Early Intervention

When I was making presentations with Dr. Barry Jones for Eli Lilly, back when Olanzapine was first approved, he used a slide similar to the chart below to illustrate the dosing of patients with schizophrenia according to their age and history. The first psychosis responded best to 5 mg of Olanzapine. After a couple of years they often needed 5-10 mg. A ten year history needed 10-15 mg. and so on up to the 20 mg maximum recommended dose which was usually less effective than the 5 mg during the first psychotic episode. He would finish the presentation by pointing to the top graph and say we could be seeing this kind of curve.

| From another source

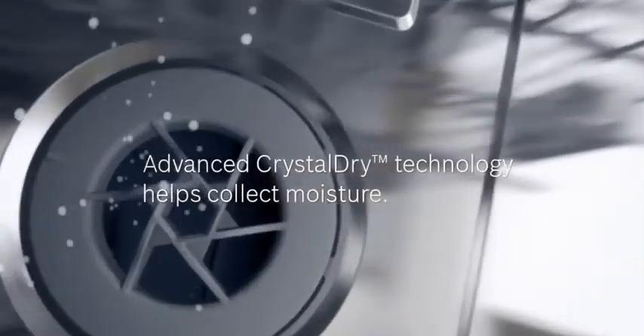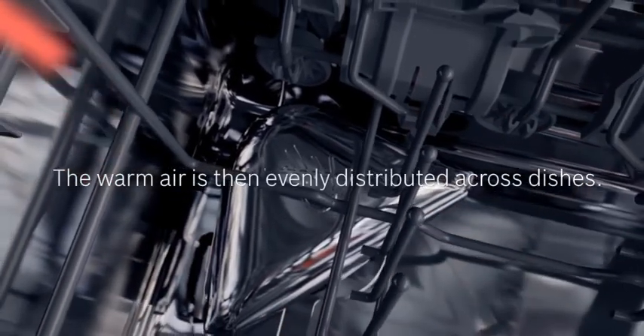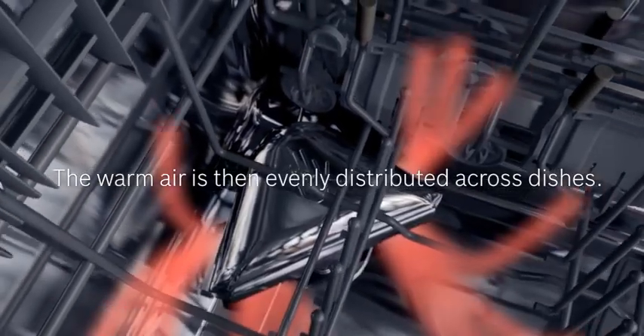Now I'm going to tell you a little bit about how it works. Our Crystal Dry technology uses a naturally occurring mineral called zeolite, which absorbs moisture and emits heat. We all know at the end of a wash cycle there's moisture still remaining in the tub. We use a fan to draw in that moisture into the chamber located in the base of the dishwasher where the minerals are housed, and the minerals then heat up and we use a fan to push that dry hot air back into the tub to dry your dishes even better.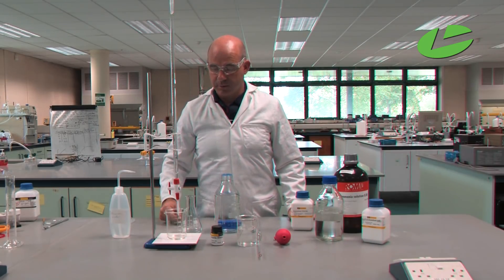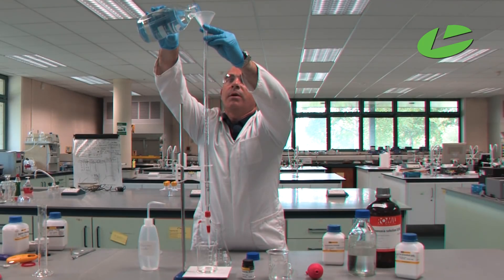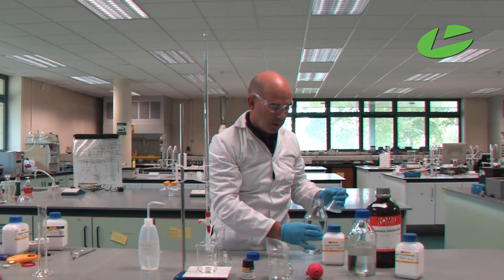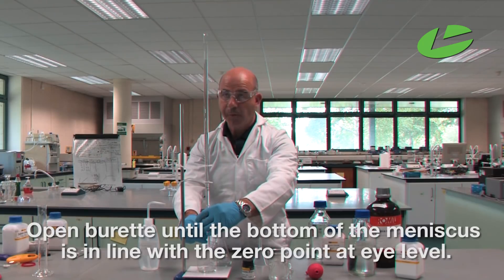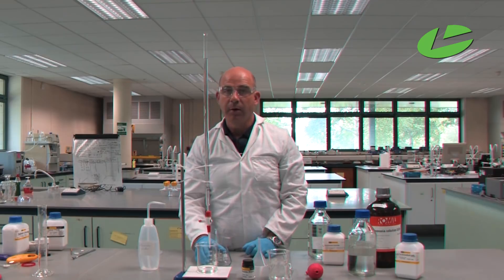Now that the rinse has run through, we can fill the burette with the EDTA solution. Pour the EDTA to above the zero point, then remove the funnel before starting the titration, because any droplets on the bottom of the funnel can drop in and give false readings. Open the tap to fill below the tap, bring the bottom meniscus in line with the zero point. The burette is now vertical and ready to be used.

Psychotic episodes are seen increasingly to be "toxic" experiences that appear to damage brain functioning. "Appear" is the operational word since it may not be permanent. The medications available today can't help very much. Delays in treating the first psychotic episode, subsequent episodes and delays in their treatment, essentially cause irreparable brain damage, and the individual becomes more disabled, and less able to enjoy life. They also require increasingly expensive supports and services to live in the community.
theoretical outcomes chart
theoretical outcomes chart

First psychosis programs were once just research projects but are now becoming part of a continuum of services available in Australia, Britain, Scandinavia, and Canada. Australia was first. Early Psychosis - Australia  Norway has an interesting early intervention program as well. TIPS Norway. The PEPP program in London, Ontario is one of the more developed in Ontario. Ten years ago I never heard any stories of people recovering from schizophrenia. I am hearing  more and more stories of young people with schizophrenia on atypical antipsychotics going back to work full time, getting married, and functioning at a much higher level than people of my generation.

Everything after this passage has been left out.